• WORK INSTRUCTIONS:
Word-for-word reproduction, images excluded: copy every entry below.

• DATA TO EXAMINE:
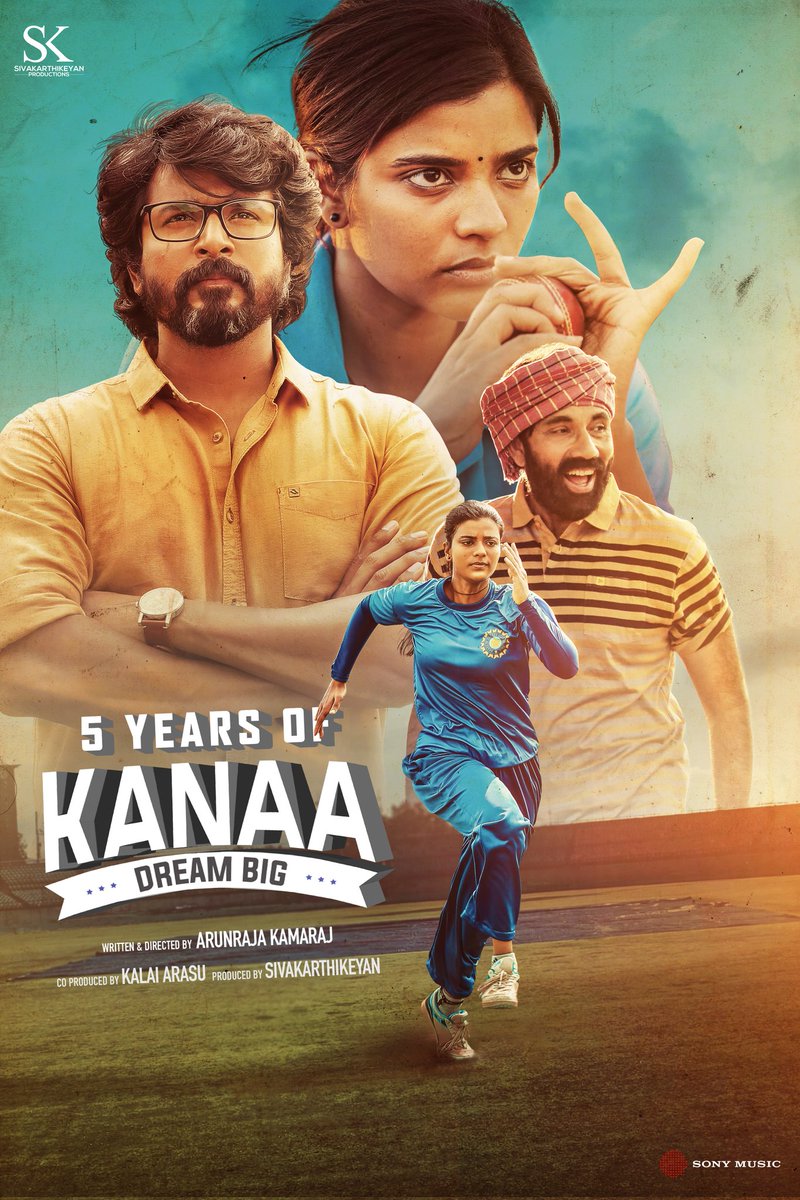 #5YearsofKanaa ❤️‍🔥 Reminiscing 5 Years of the blockbuster #Kanaa! 🏏 ➡️ SMI.lnk.to/Kanaa @Siva_Kartikeyan @KalaiArasu_ @Arunrajakamaraj #Sathyaraj @SKProdOffl @aishu_dil @Darshan_Offl @dhibuofficial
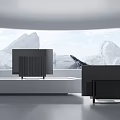 Two Modern Televisions In Minimalist Interior With Sleek Design And Large Window View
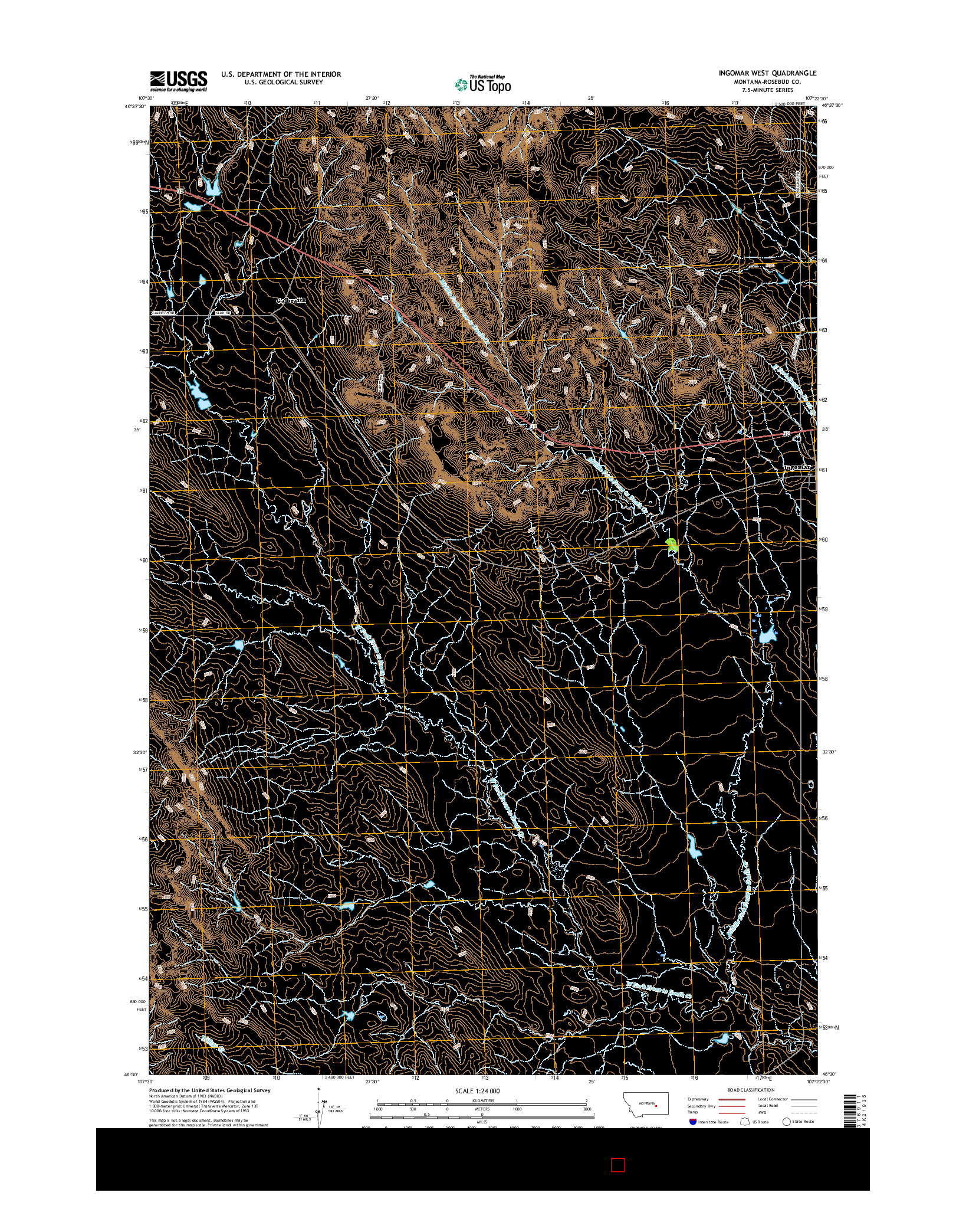 USGS US TOPO 7.5-MINUTE MAP FOR INGOMAR WEST, MT 2017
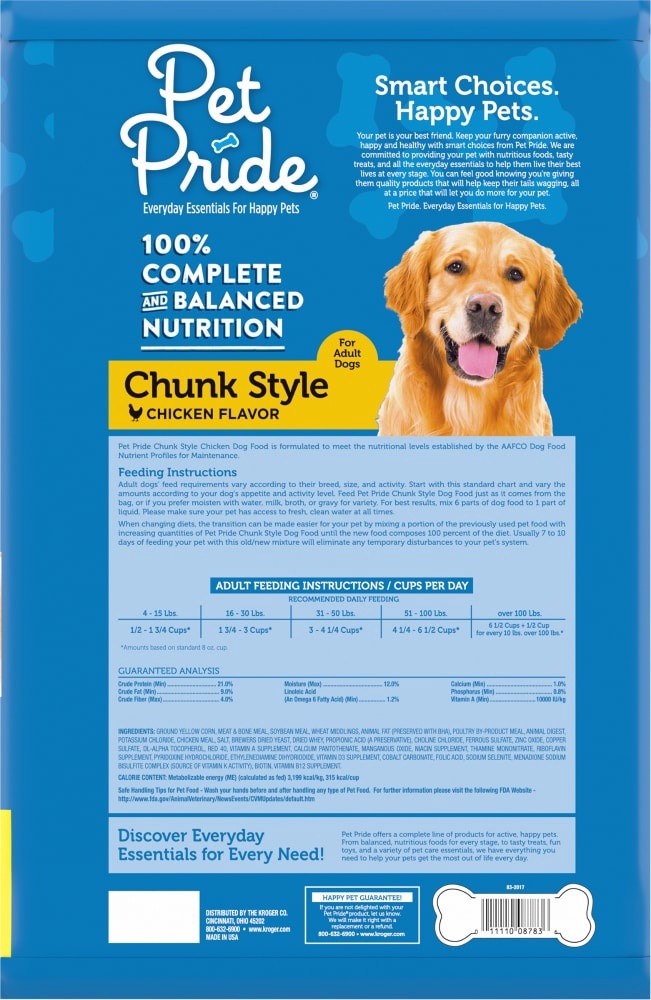 slide 2 of 3, Pet Pride Chunk Style Chicken Flavor Dog Food, 50 lb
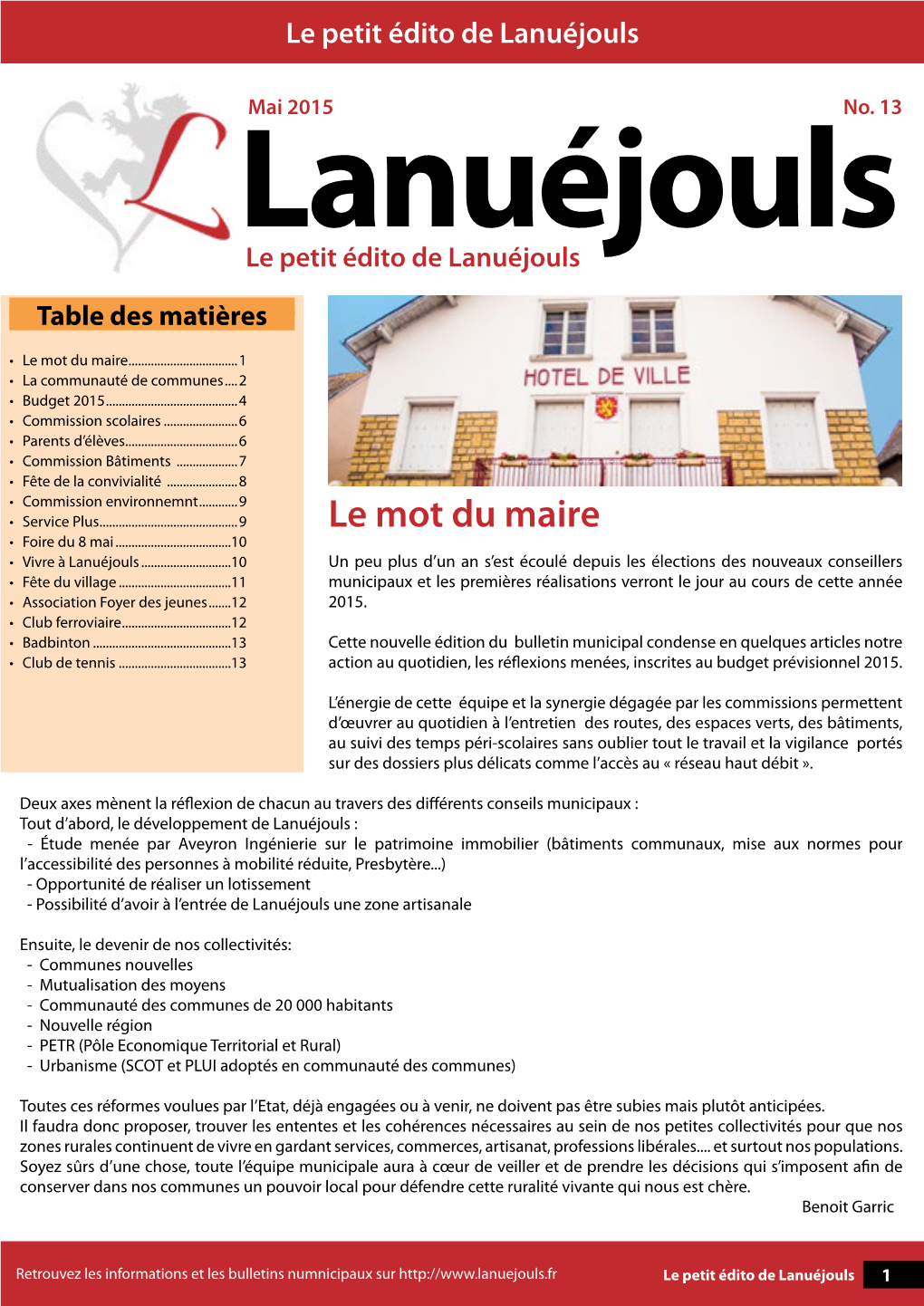 Bulletin Municipal N°13 Mai 2015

• SOLUTION FOR THIS EXERCISE:
 #5YearsofKanaa ❤️‍🔥 Reminiscing 5 Years of the blockbuster #Kanaa! 🏏 ➡️ SMI.lnk.to/Kanaa @Siva_Kartikeyan @KalaiArasu_ @Arunrajakamaraj #Sathyaraj @SKProdOffl @aishu_dil @Darshan_Offl @dhibuofficial
 Two Modern Televisions In Minimalist Interior With Sleek Design And Large Window View
 USGS US TOPO 7.5-MINUTE MAP FOR INGOMAR WEST, MT 2017
 slide 2 of 3, Pet Pride Chunk Style Chicken Flavor Dog Food, 50 lb
 Bulletin Municipal N°13 Mai 2015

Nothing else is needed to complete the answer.